是以孟柯斋开始自责。这位曾在而立之年便有望达到先师境的孟柯斋只会以为,当时在凝脂玉生气的那一刻,开始怀疑是不是自己的错,才会导致其恼火,是因为自己没有遵循她的要求而使她这般怒气冲冲。
也因得此,眼下心中自是有些怨气的孟柯斋脸色稍显难堪,随又恢复如常,尽量调整着自己心态慢慢归于平静,强挤出笑脸,道“我并不是想过问你的事,只有你告诉我那人是谁,到底要接什么东西,我才不会白跑一趟。”显然已经有些着急的凝脂玉好似都要哭出来一般,即便是不用说话,这种神色也能让一旁的孟柯斋更是如热锅上的蚂蚁,胡乱猜测着现下、包括刚刚发生的种种。
自然是凝脂玉眼下里也有些犯难,不知道该如何回复,思虑再三,便是道“我也不知道啊。”这个回答使得孟柯斋都愕然,诧异问道“你师父怎么交代的?”凝脂玉仍旧是捉摸不定的神色,怕是这一会儿便将诸多前因后果都想了过来,听到问话,仍旧是有些惶恐道“我师父没说。”自是从初到这里到现在都是不明所以的孟柯斋甚至是连问的心思都没了,两眼一紧都想要发些脾气,却是忍住,问道“你们如何联系?”眼眶中已经挤了些泪的凝脂玉有些许哽咽,答非所问也是语无伦次,急道“就是上头传来的消息,至于是与谁碰面,或者是接什么物件,我也不知道。反正就是让我在这里等,等什么,等谁,我不知道啊。”孟柯斋的确有些为难,可也是没得办法,怎么说也是了解这个女人,对于如此情形也算是早有计较,他道“你在这里等着不要离开,我去去就回。”凝脂玉仍是不舍,这次是主动拉起孟柯斋,急道“你走了我怎么办?”

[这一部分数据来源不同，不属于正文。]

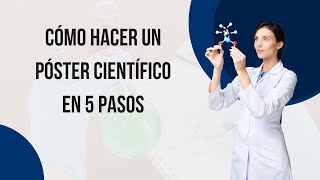 Cómo Hacer un Póster Científico en 5 Sencillos Pasos [upl. by Rooney]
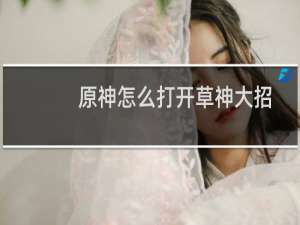 原神怎么打开草神大招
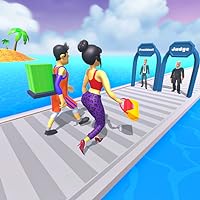 Money Fashion Girl Honey Life Gifts Running Race 3D - Take the Money and Become Rich Honey Challenge Runner Game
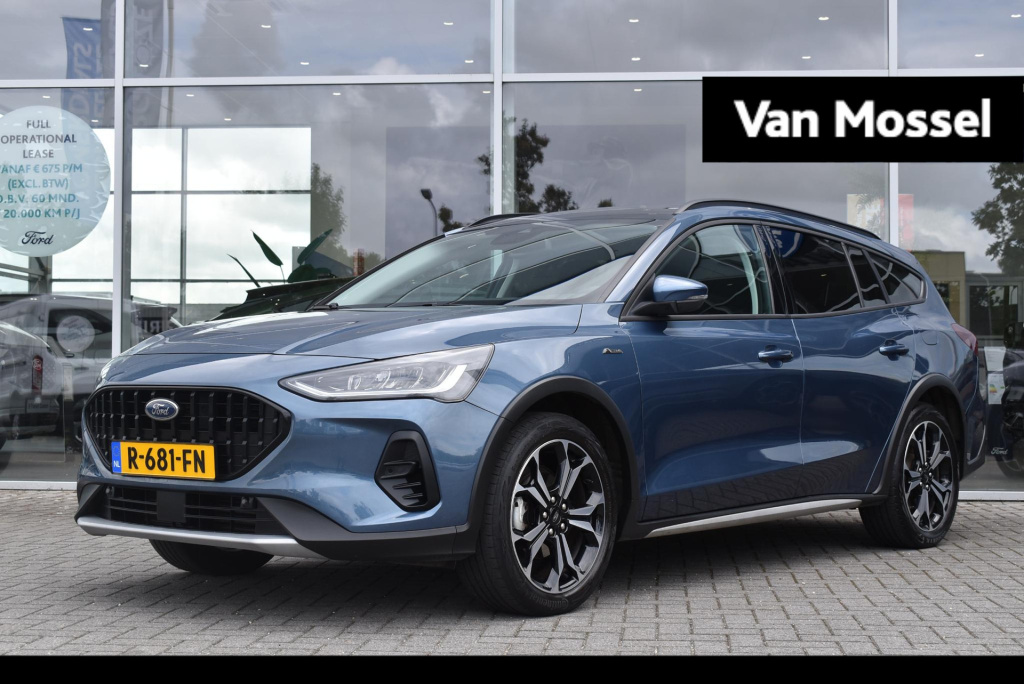 Ford Focus wagon 1.0 ecoboost hybrid active x | climate control | adaptieve cruise control | winterpakket | achteruitrijcamera | elektrisch wegklapbare trekhaak | apple carplay/android auto |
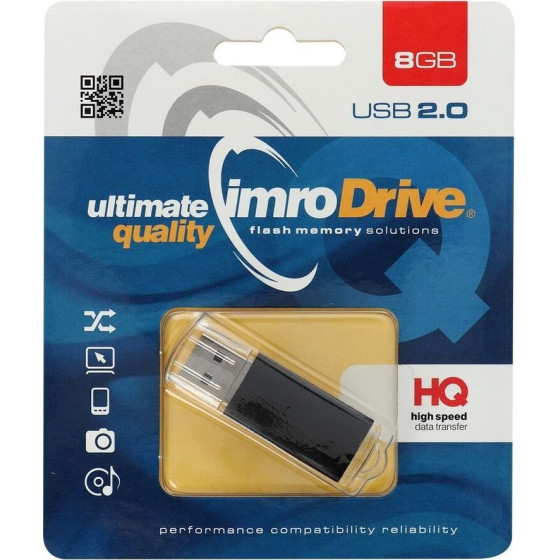 Imro Pendrive Black 8GB USB2.0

“那也总比被你师父抓住把柄强啊。”这个达到先师境的读书人有些恨铁不成钢,
“我自去查探这镖局是否和你们有关系,不管有无确切消息,我到时自会与你联系。”孟柯斋大步离去,凝脂玉泪眼婆娑。
直到那身影消失,这个心里自有分寸的妇人将眼角水珠一擦,嘴角挂上一抹耐人寻味的笑意。
……由远及近一只大周不常见的夜枭,神采奕奕,扑棱着翅膀在上空盘旋,凝脂玉气定神闲一挥手,那本该白日里休憩的大禽不比鹰捉兔差分毫,俯冲而下,在距离地面人高处迅疾停下。
凝脂玉从夜枭利爪上取下圆筒,抽出独属于自己规定的蓖麻纸。这种纸平时无字,遇到一定温度才能显现,独属于大周才有的一种特殊技法。
凝脂玉挥手赶退那只俊美羽禽,将那纸张放于怀中一阵摩挲。再摊开,纸上四个字。
“门主将至。”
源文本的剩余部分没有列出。